Rad denies that Tinder leads to more superficial relationships, citing recent studies that indicate that Millennials are actually having less sex, not more, and that they’re more interested in finding meaningful relationships than their parents’ generation. Says Rad: “We don’t judge our users. You get to be who you are.”

Like Amazon, Facebook and Netflix, Tinder collects a trove of real-time data on users’ behavior and preferences. The company even has sociologists on its staff to analyze all this data. (Rad says that he got the idea to recruit sociologists after dating one that he met through…Tinder.) The analysis they’ve conducted shows that of the professions of men that appeal to women, pilots come first, followed by entrepreneurs, firefighters, doctors, media personalities and teachers. Male users searching for matches with women, on the other hand, prefer physical therapists, interior decorators, entrepreneurs, publicists, teachers and lawyers in that order. Somewhat surprisingly, models rank far down on both lists. Another study sponsored by the company reveals that the photos generating the most favorable responses are those that show people behaving naturally; a smile helps, too. You should try to be yourself, Rad advises, don’t try to pretend to be a model.

Here’s how one Tinder user named Emily Read describes her experience: “When I’m bored at work or lying on my bed or waiting in line for the bathroom at a bar, I tap a red flame icon in my iPhone and swipe through men aged 27 to 35 within four miles of my location.”

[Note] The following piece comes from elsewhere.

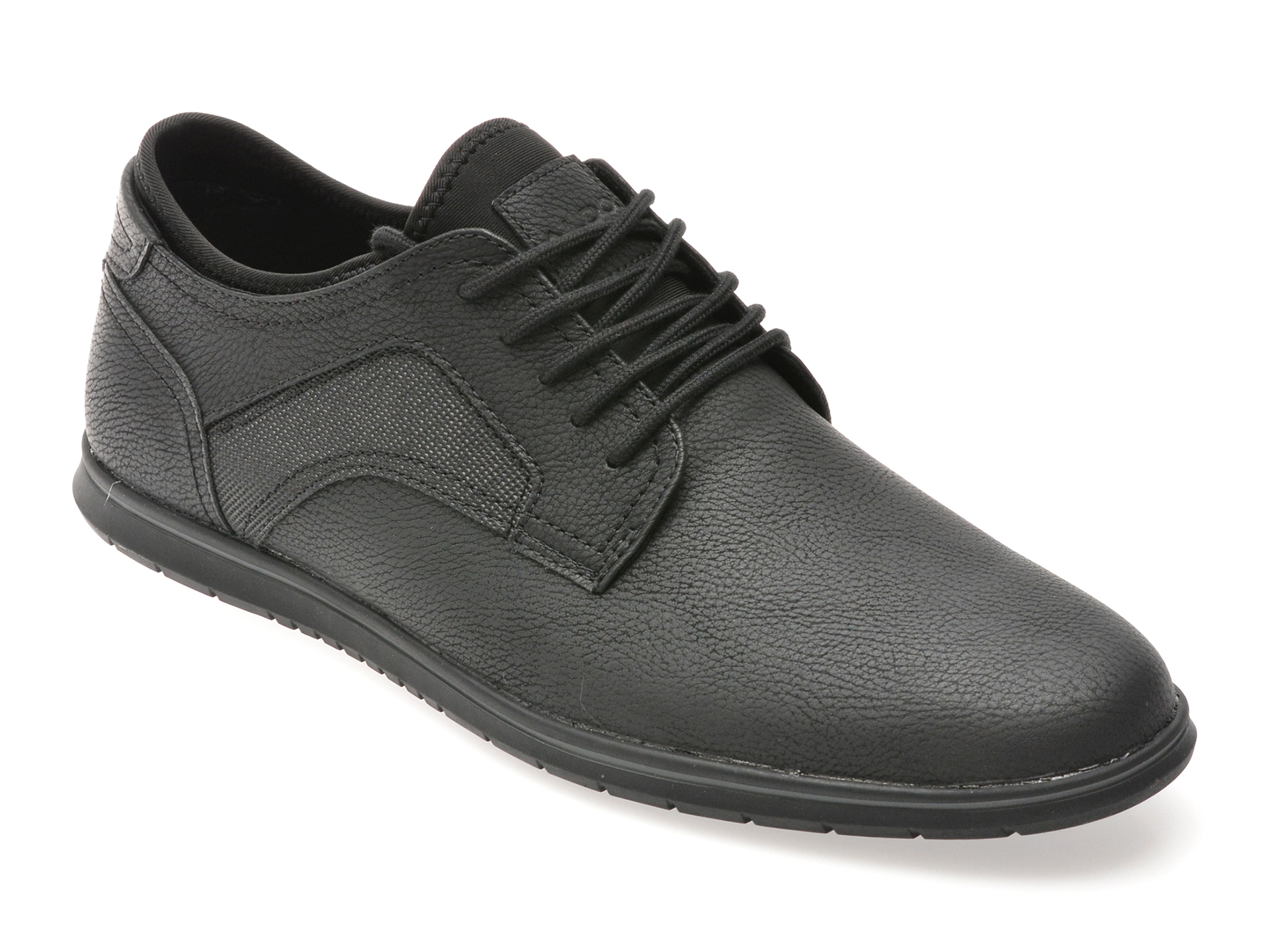Pantofi sport ALDO DRYMOS - Piele ecologică negri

She has certain rules – “no DJs, no flip flops, no babies, no film quotations, no recent arrivals, no guns, no mentions of whiskey, coffee, adventure, or exploration.” She goes on: “The term ‘online dating’ itself feels like an outdated descriptor, given that an app like Tinder untethers the user from even a computer chair, and requires little to no ‘dating’ at all. On the surface, being a woman and interacting with a dating app inverts the choreography of a debutante ball, in which female participants become content through spectacle while the observing parties act as users, empowered by choice.” She adds that Tinder (or more precisely, its algorithm) “treats me like any other person in Brooklyn who is looking for fun, free drinks, kink, affection, etc.”

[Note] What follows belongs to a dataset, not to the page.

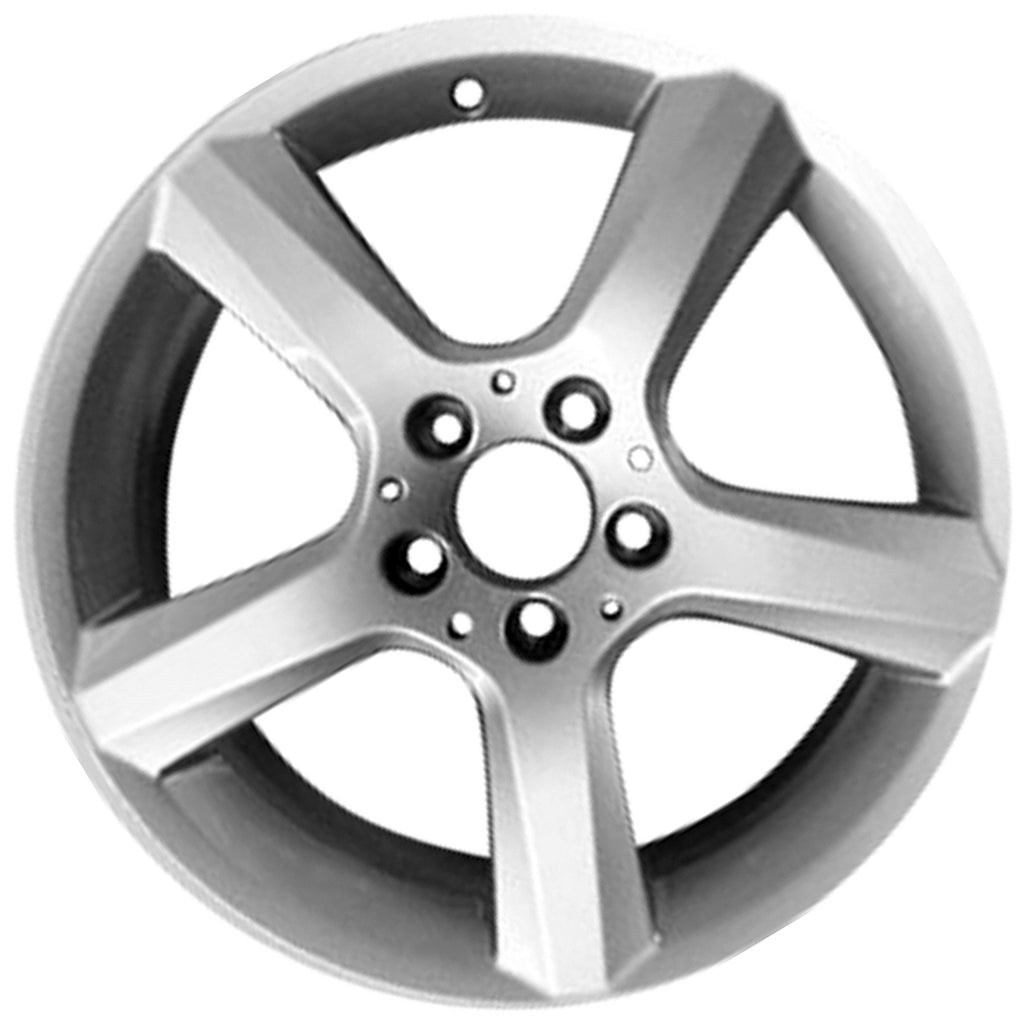 Rear Aluminum Wheel For Mercedes Slk250 2012-2015(ALYMN063U20)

For Rad, success didn’t come easily. Tinder was his first big job and he admits that he wasn’t up to the task of running a company. When he was 27, the company’s board unceremoniously demoted him. “I learned more about being a CEO when I was no longer one.” As a CEO, he felt that he was supposed to have a solution for every problem the board or an employee brought to him. Once he was forced to descend a few rungs down the ladder he realized that it wasn’t necessary to have an answer for every problem. He learned that it was much more productive to work as part of a team to find a solution. In other words, before he could take back the helm of the company again he first needed to acquire collaborative skills and learn how to become a good quarterback. “When you lose the title (of CEO) you sort of have to ask yourself what’s important,” Rad said in an interview for Recode.net. “What mattered was that I get to wake up every day and work on something that I love.”

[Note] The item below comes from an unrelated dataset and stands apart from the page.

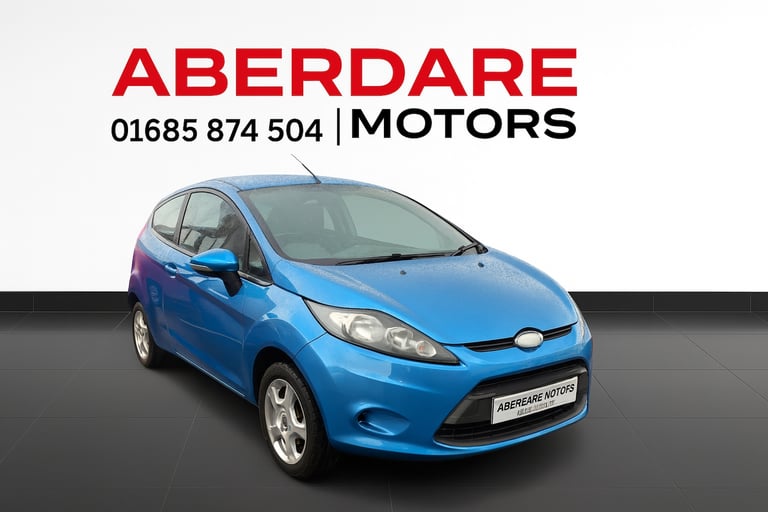 FORD FIESTA 1.3 Style 2009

Given how many users that it’s attracted, Tinder is no longer only trying to put people together; it wants to find out what they think about the hot button issues of the day. During the primary season it introduced “Swipe the Vote” to poll users about their presidential preferences. Perhaps not surprisingly given the demographics of its users, Bernie Sanders came in first. Hillary Clinton came in second, and Ted Cruz came in third. Donald Trump was last. Tinder expects to conduct another poll just before the U.S. election on Nov. 8.